- Boston: Robert Kraft, Chairman and CEO of the Kraft Group and the New England Patriots
- New York: Jeff Wilpon, Co-Founder and Partner of Sterling.VC and COO of the New York Mets
- Los Angeles: Noah Whinston, CEO of Immortals
- Miami-Orlando: Ben Spoont, CEO and Co-Founder of Misfits Gaming
- San Francisco: Andy Miller, Chairman and Founder of NRG Esports
- Shanghai: NetEase
- Seoul: Kevin Chou, Co-founder of Kabam
The city-based structure is central to Blizzard’s plans for a self-sustaining, lucrative eSports league built around Overwatch. Right now, the professional Overwatch scene is crumbling — teams pulled out of negotiations with Blizzard in a fairly public fashion earlier this year, citing disorganization, too few competitions and high buy-in costs for the new league. And Overwatch may be the most visible eSport on television with the ELEAGUE tournament on TBS, but professional gaming as a whole still lacks oversight and coordination, at least in the western world.
Overwatch League is an attempt to help stabilize the eSports market, and it’s doing so by mimicking a system that’s proven to work: city-based sports leagues.
“Traditional sports teams create a significant amount of revenue based on the fact that they get to host home games, and they sell tickets and local sponsorships in an exclusive home marketing territory,” Overwatch League commissioner Nate Nanzer says. “That’s revenue that just didn’t exist in eSports, so we think through the structure that we’ve created, these city-based teams, we’re going to unlock a lot of value for team owners and players and fans.”
In order to sell eSports tickets, cities will need eSports venues. Blizzard wants to see gaming arenas in every Overwatch League city, and it’s already gotten started, opening the first-ever Blizzard eStadium in Taipei, Taiwan, earlier this year.
“The goal here is that, over time, we’ll have teams in all the major cities around the world and there will be an arena, a stadium, a studio — whatever the form is — where fans from that city, and frankly fans from all over the world, will be able to travel and watch Overwatch played at the highest level,” Nanzer says.
Overwatch League is the first international, city-based program in the eSports world, but Blizzard isn’t fighting for the industry’s maturity alone.
League of Legends developer Riot Games recently announced massive changes hitting its North American League Championship Series in 2018, giving teams more money-making opportunities, establishing permanent franchises and offering a raft of new player protections.
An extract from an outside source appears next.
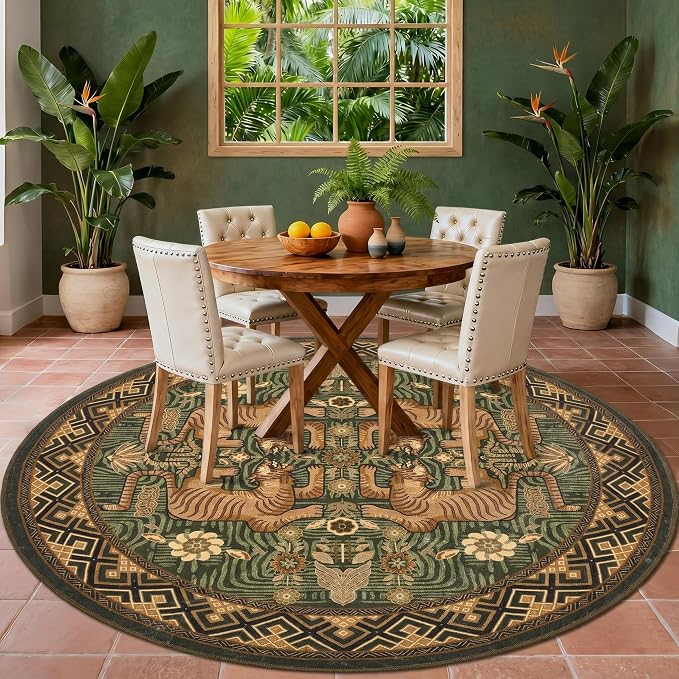 GarveeHome Tiger Round Area Rugs for Kids Room, 6ft Boho Green Animal Print Circle Rugs Non Slip, Washable Vintage Tribal Floor Carpet for Dining Room Entryway Nursery Playroom Office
Riot increased players’ starting salaries from a minimum of $25,000 to $75,000, plus it instituted a Players’ Association for eSports pros, many of whom get their start while still in high school.
Overwatch League also includes a minimum starting salary for players (Nanzer didn’t offer a figure but said that information should become public soon).
“I do think this is indicative — not just Activision Blizzard’s move, but the moves of other publishers as well — are indicative of a kind of coming-of-age of eSports,” Whinston says.
Nanzer, Whinston and countless others are watching eSports over the next six months as critical changes take effect in some of the industry’s largest games. Now is the ideal time for professional gaming to take root in mainstream culture, propelled by traditional-sports veterans and eSports newcomers with fresh ideas.
Or old ideas, like forming teams around cities.
“It creates an ability to tell a story that affects people differently based on the city that they live in,” Whinston says. “It affects people differently based on their prior experience with Overwatch, their prior experience with eSports, the players that they are personal fans of. The thing about eSports that was always promising, and potentially more promising than what traditional sports is capable of doing, is that it allows a level of connection directly with a player or a team or a match that traditional sports hasn’t been able to capture.”